Problems arise when different institutions have different standards for coauthorship. If one individual works in a group with more lax standards, that individual will produce more papers and their CV will look better. Because the general standards for judging scientists often involve total number of publications, this can be problematic for scientists competing for jobs. Simply working in an institution with more stringent publication standards, including how many publications should be written for a given data set (some groups publish essentially the same data in multiple journals for slightly different audiences), can hinder an individual's career for good.

When I was at NIST, the management was cracking down on stringency standards for authorship. This is fine, for an institution that provides full-time, permanent jobs for its staff - they will not need to worry about finding a new job and competing in the market. However, for postdoctoral researchers who will be let go after two years no matter what (as happens now that money has been removed from the system), it can be a disaster.
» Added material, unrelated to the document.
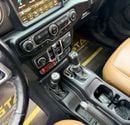 Jeep Wrangler Unlimited RUBICON 2021 Jeep Wrangler Unlimited Rubicon, Warranty, Full Jeep Service History, Excellent Condition, GCC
A final note, as to what motivated me to think about these issues, was reading a recent paper published by a former colleague in a very high impact journal in our field. This colleague asked me to derive an expression so he could compare it to experiments. I did this, and went through the derivation with him, and pointed out differences from some other groups' work due, which he was using to fit the data, to the unique geometry of his samples. (I actually know that the changes were crucial because the original version of his work, which was initially rejected by Nature, is still on the arXiv, and it includes the old expression. The version published in Physical Review Letters has the new expression, based on my input.) In addition, the supplemental material refers to work that I performed, both intellectually and physically, some of which was published elsewhere. And, while I was aware that the work was being published, I was not given access to the prepublication versions. Now, we can argue about the intellectual significance and merit of my contributions. I, personally, don't particularly care about the acknowledgement so long as the science gets done - but I am realizing that I might be too easy-going (for my own career) on the topic.